Sasuke é perfeito - não caga não peida. Último herdeiro vivo de um clã de elite da vila; ninja do melhor desempenho e melhores notas; bonito; popular [contra a própria vontade]; a mera existência dele, pelas comparações constantes, derrubam Naruto. No capítulo três, é nítido que Naruto queria muito ser ele e estar no pedestal que ele foi colocado - mal ele sabia do desconforto de Sasuke com aquela posição [a gente que já leu tudo sabe]. Já nos capítulos do teste com Kakashi, ele impressiona pela sua desenvoltura, mas decepciona pela arrogância - a partir disso, começam as suas características negativas, encabeçadas pelo seu sonho: destruir uma pessoa. Parece banal, mas é uma ambição um tanto pesada para uma criança de 12 anos. Além de tudo, Sasuke subverte o conceito de sonho, uma vez que, como ele próprio chega a falar, possui um que reside não no futuro, mas no passado. E é no seu passado que mora uma desgraça maior do que o que ele próprio tinha conhecimento.

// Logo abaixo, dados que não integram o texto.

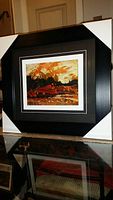 Photo showing full framed art piece with protective corner guards, black frame, and visible art print inside.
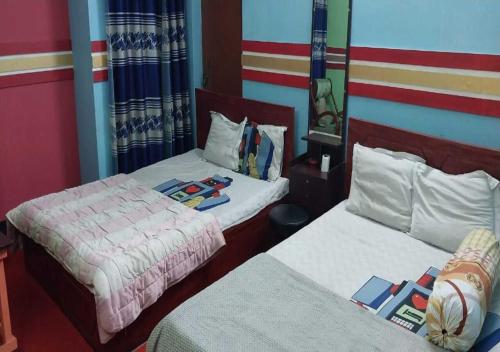 two beds in a room with two at The Hotel Golden Star in Khulna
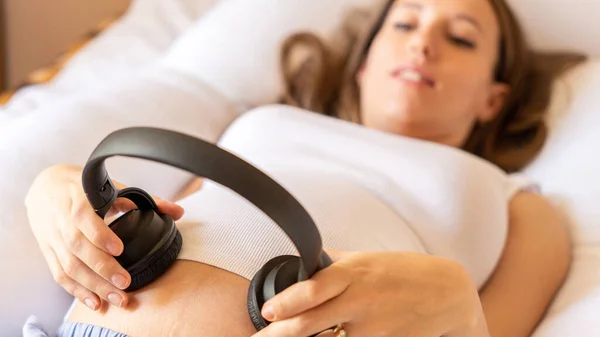 Pregnancy music woman listen. Pregnant woman listening to music. Mother belly listen headphones sound. Concept of pregnancy, maternity, expectation for baby birth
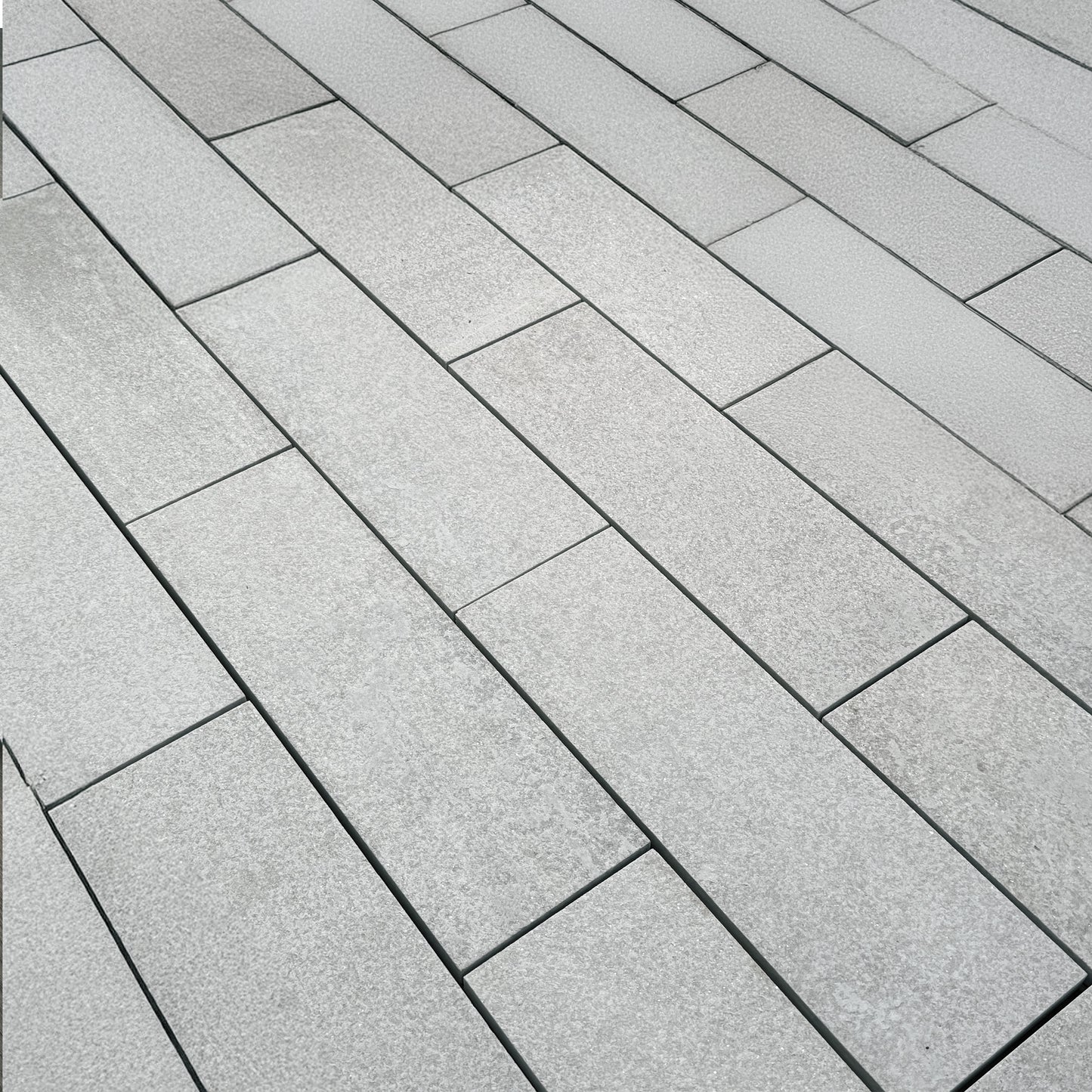 Sleek and sophisticated quartzite garden pavers adding texture and depth to an outdoor space, creating a refined, nature-inspired patio design.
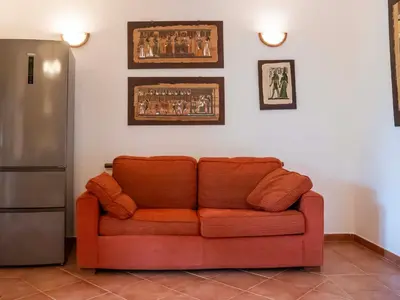 an orange couch in a living room with a refrigerator at VILLA ANGELA TRABIA in Trabia
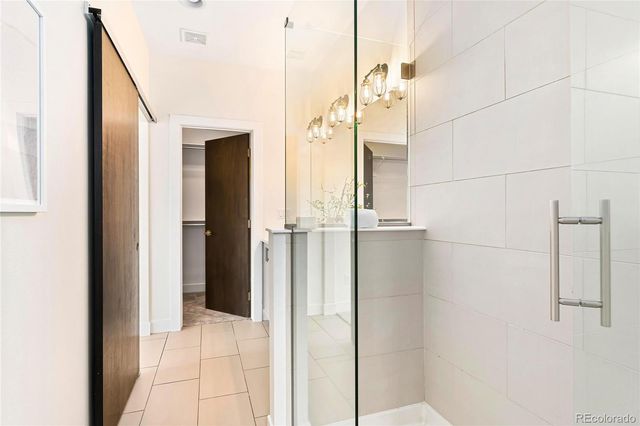 a bathroom with a shower and a glass door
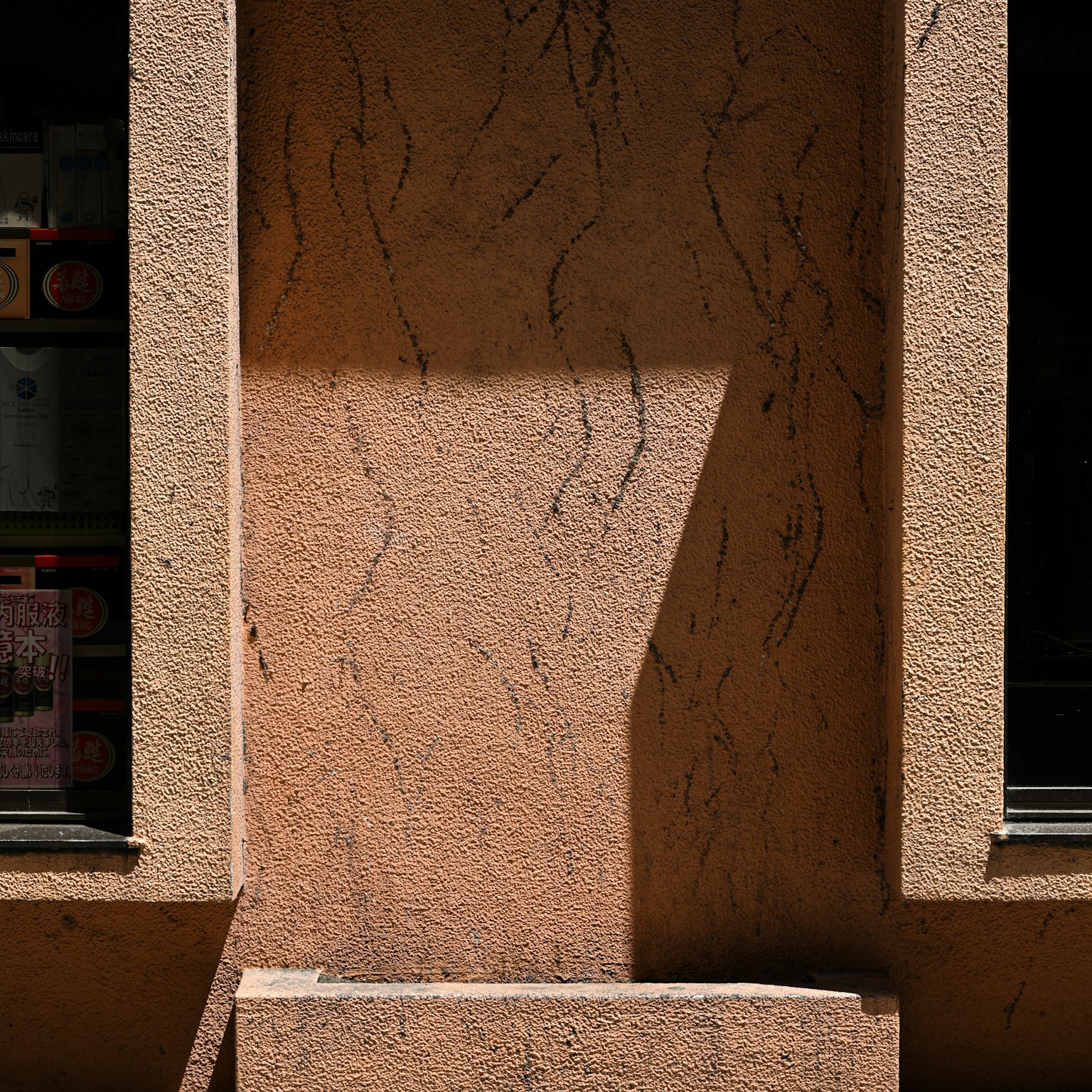 Sunlight casting a shadow on a light orange textured wall with a window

Vamos combinar uma coisa: a Sakura do início foi feita pra você não gostar dela. O seu ponto de partida é a mediocridade e nada atesta a seu favor. É dito que ela é inteligente, mas essa inteligencia pouco aparece; também se fala que ela é do tipo genjutsu, mas é exatamente nele que ela cai, no teste de Kakashi; por fim, ela sintetiza todo o desprezo da vila em relação a Naruto e, por sua vez, toda a bajulação em relação a Sasuke. A impressão que passa é a de que ela simboliza o papel da norma em relação aos outros dois protagonistas, então Sasuke superar a média e Naruto ser subjugado por ela são os fatores que melhor explicam a relação que Sakura desenvolve com eles. A relação que eles desenvolvem com ela reforça a ideia: Sasuke despreza Sakura na mesma medida em que despreza as regras e a média, enquanto Naruto é desesperado pela sua atenção. Conforme a história progride, vemos tanto Sakura se destacando um pouco dessa mediocridade e agindo por conta própria, inclusive repensando o valor que ela dava a Naruto, como também a mediocridade da opinião pública sobre o seu colega acompanhando a sua. Ou seja, ela também inverte um jogo.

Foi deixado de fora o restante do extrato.